The Strasbourg court rejected the appeal of campaigner Klaus Guenter Annen who was ordered by German courts in four separate injunctions to stop comparing abortions to the Holocaust and saying that the doctors performing them were committing “aggravated murder”, Il Giornale reports.
The judges claimed that the censoring of the activist did violate his freedom of expression but was “necessary in a democratic society”.
They also said that by accusing and comparing specific doctors performing abortion procedures to the perpetrators of the Holocaust on his website the German campaigner “had not only been very serious but might also have incited hatred and aggression”.
The issue of abortion came to the forefront of European politics earlier this year when the Republic of Ireland held a referendum on legalising the practice which has been legal in other European Union member states for years.
Leaked documents last year showed that left-wing Hungarian-American billionaire George Soros’s Open Society Foundations pushed for abortion to become legal in Ireland.

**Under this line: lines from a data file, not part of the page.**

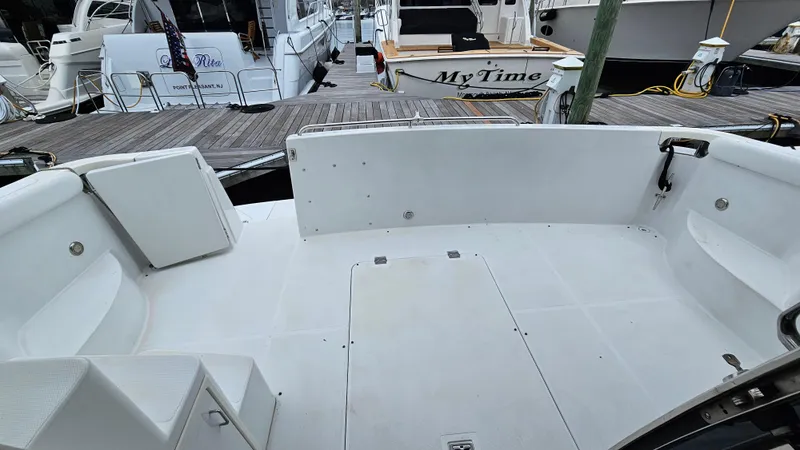 Slide: The Image of 2000 Carver 450 Voyager Pilothouse boat deck at marina, featuring spacious seating area. - 22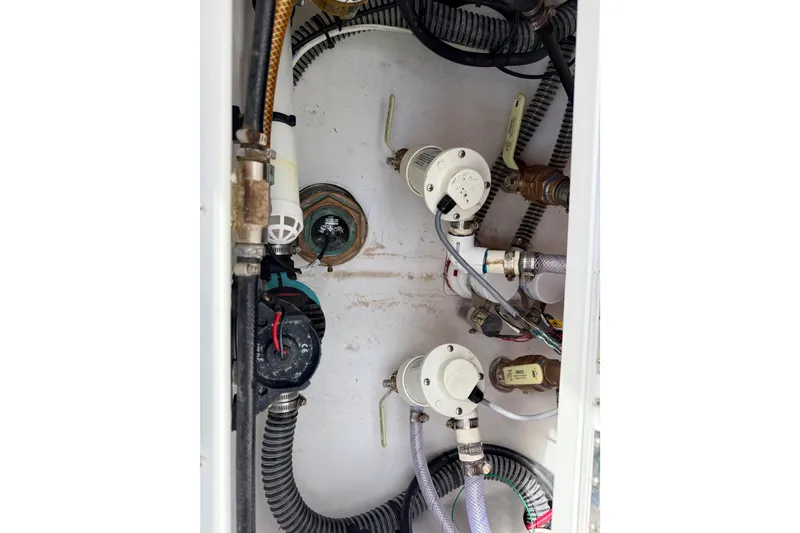 Slide: The Image of Bilge area of 2025 Ocean Master 296 Center Console with pumps and wiring. - 20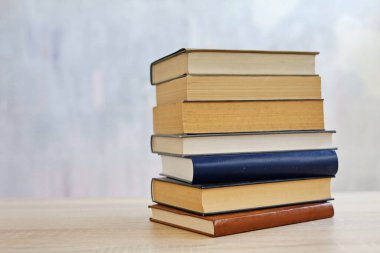 Ahşap arka planda bir yığın kitap, kütüphanenin arka planına karşı bir yığın kitap, kütüphanenin önünde bir yığın kitap, ahşap masa üzerine kitaplar.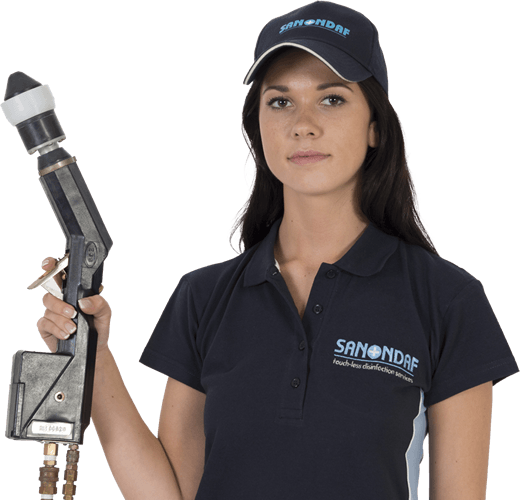 Woman in a uniform holding a cleaning tool; the company logo is on her shirt and hat.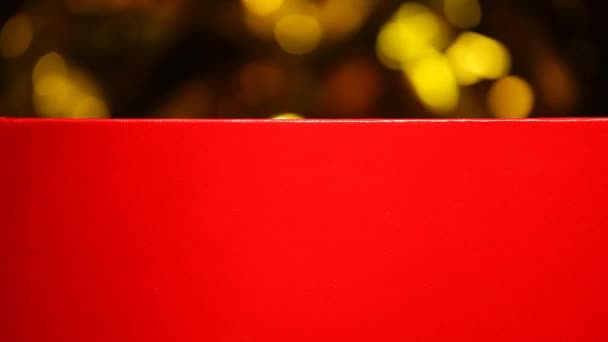 Червона Коробка Вітру Золотий Боке Кадри — стокове відео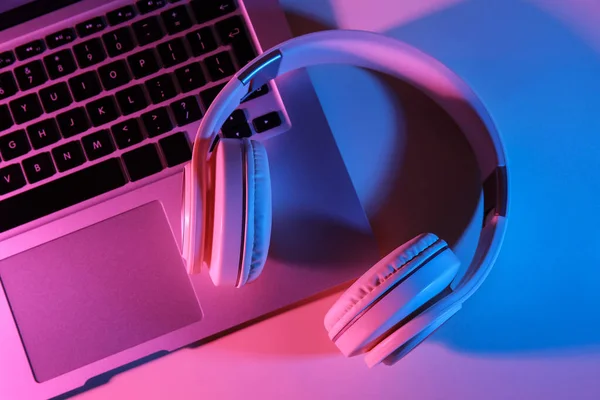 stock image Modern laptop and headphones on color background, closeup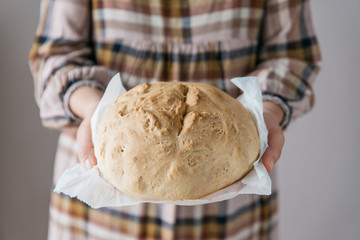Woman holding tasty fresh handmade bread, in her home,  close up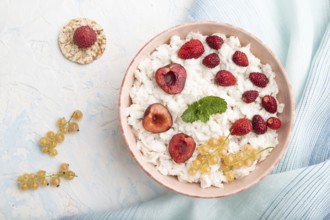 Rice flakes porridge with milk and strawberry in ceramic bowl on white concrete background and blue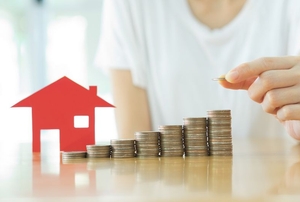 A red paper house next to stacks of coins.
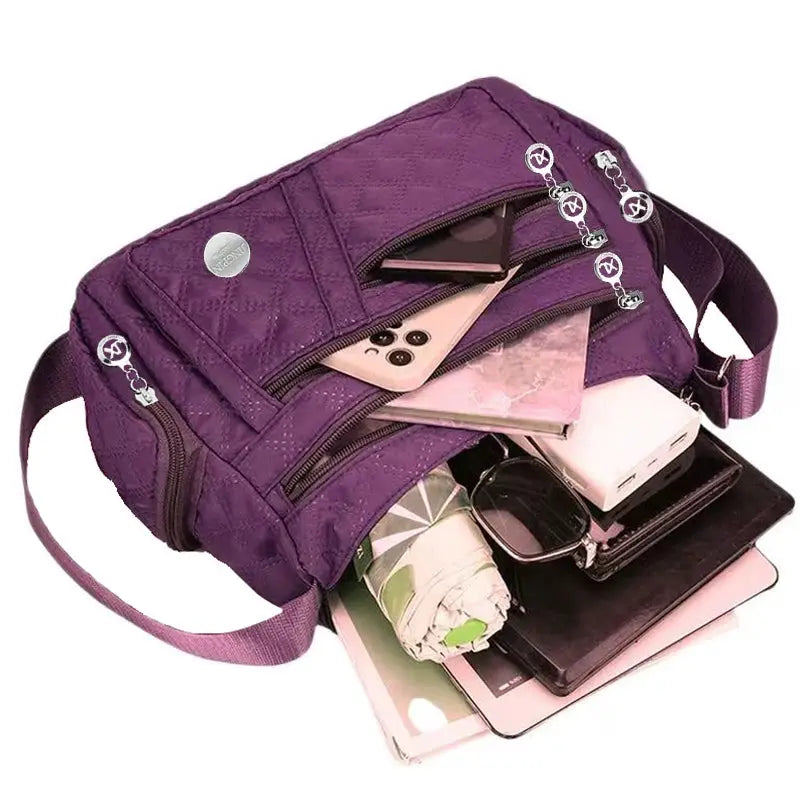 Purple quilted nylon handbag with crossbody strap and multiple compartments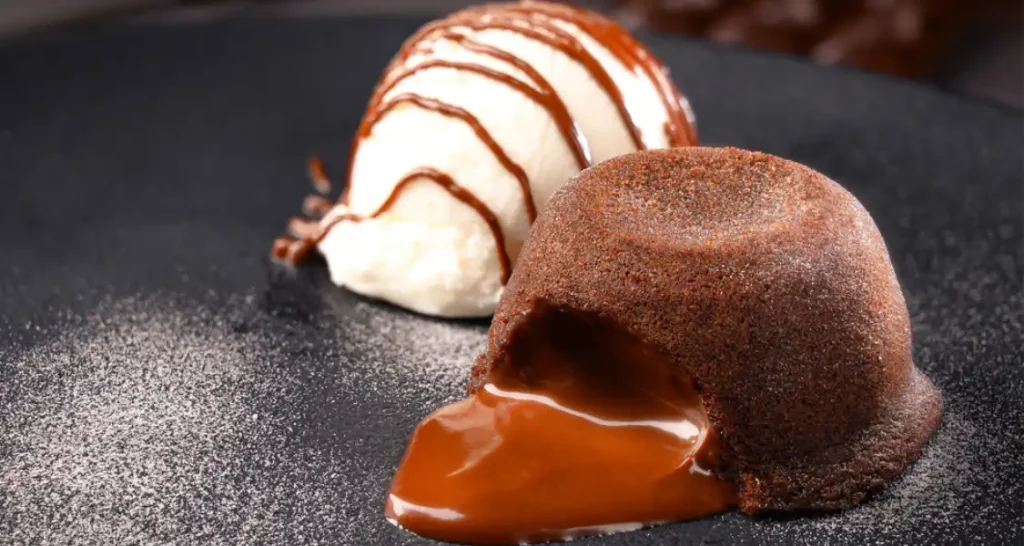 Sobremesa de petit gâteau de chocolate com sorvete de baunilha, decorado com calda de chocolate, servido em prato preto.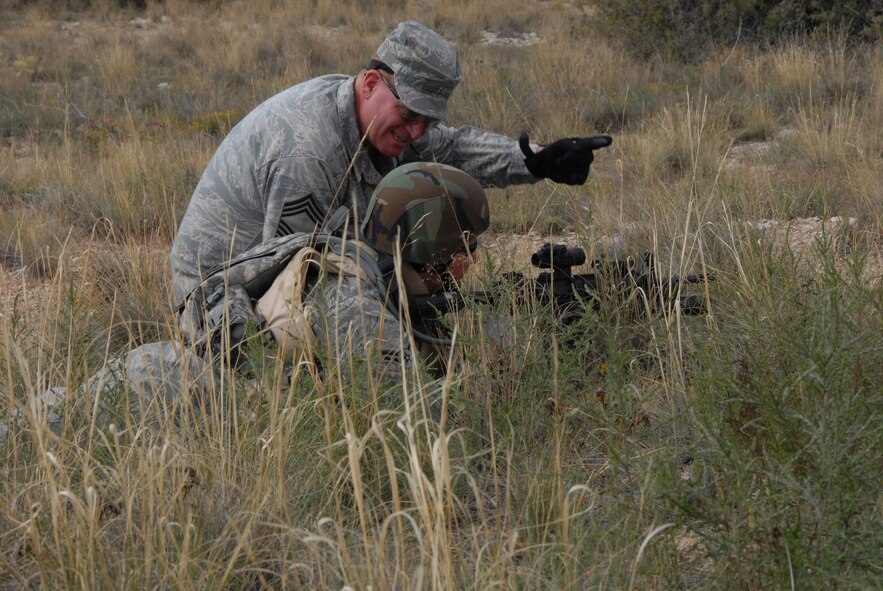 Chief Master Sgt. John Criswell of the 140th Security Forces Squadron instructs a young Airman on what to look for when watching an area of responsibility during a live fire training exercise Sept. 12, 2009 at Fort Carson, Colo. The Airman is attempting to see over the tall weeds that obstruct his view. During the training, 140th SFS cadre members passed on their knowledge and experience to guide the younger troops in order to make the training more efficient and practical for real-world scenarios. (Official U.S. Air Force photo by Staff Sgt. Armando Argiz, Colorado Air National Guard/Released)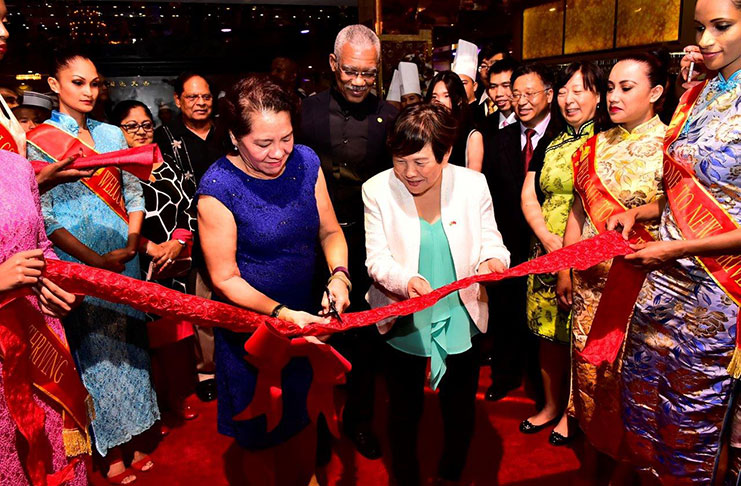 First Lady Sandra Granger, assisted by New Thriving Restaurant co-proprietor Che Jian Ping, cuts the ceremonial ribbon in the presence of staff and President David Granger to open the new restaurant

“With one of the most restrictive abortion laws in the world, a win there could impact other strongly Catholic countries in Europe, such as Poland, and provide much-needed proof that change is possible, even in highly conservative places,” a leaked OSF document said.
In May of this year, Irish citizens voted to make abortion legal in the country.
While many do not view abortion as a form of contraception, some, like Ann Furedi, chief executive of the British Pregnancy Advisory Service (BPAS), have claimed the opposite.
“Family planning is contraception and abortion. Abortion is birth control that women need when their regular method lets them down,” Furedi said last year.